Re: Multiple instances of HL Consumer

2015-06-05 Thread Sharninder Khera
You can have the same consumer id and Kafka will balance partitions across the 
two instances automatically. When one of them dies the partitions are 
rebalanced and assigned to the remaining alive consumers. 



_
From: Panda, Samaresh 
Sent: Friday, June 5, 2015 7:42 pm
Subject: Multiple instances of HL Consumer
To:  


I've a HL consumer receiving messages using four threads (four partitions). 
This is a stand-alone Java client. For fail-safe reasons, I want to run another 
instance of the exact same Java client in a different box.

Here are my questions:

> Can I keep the same consumer group name or it must be different for the 2nd 
> instance?
> If same consumer group, will the 2nd client receive same set of messages 
> again?
> In general what's the best practice to designing fail-safe clients?

Thanks
Sam

Multiple instances of HL Consumer

2015-06-05 Thread Panda, Samaresh
I've a HL consumer receiving messages using four threads (four partitions). 
This is a stand-alone Java client.
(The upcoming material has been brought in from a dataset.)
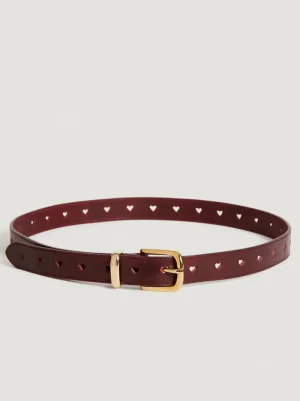 Belts<Rouje COEUR Belt Cuir Bordeaux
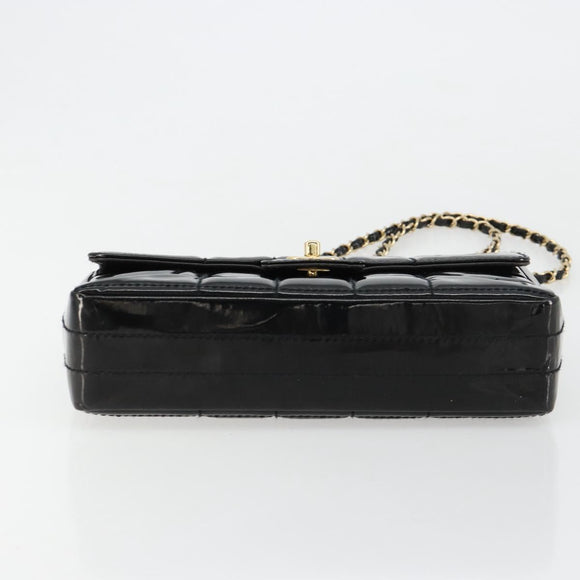 CHANEL Choco Bar Chain Shoulder Bag patent Black Gold CC Auth 180869SAV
For fail-safe reasons, I want to run another 
instance of the exact same Java client in a different box.

Here are my questions:

> Can I keep the same consumer group name or it must be different for the 2nd 
> instance?
> If same consumer group, will the 2nd client receive same set of messages 
> again?
> In general what's the best practice to designing fail-safe clients?

Thanks
Sam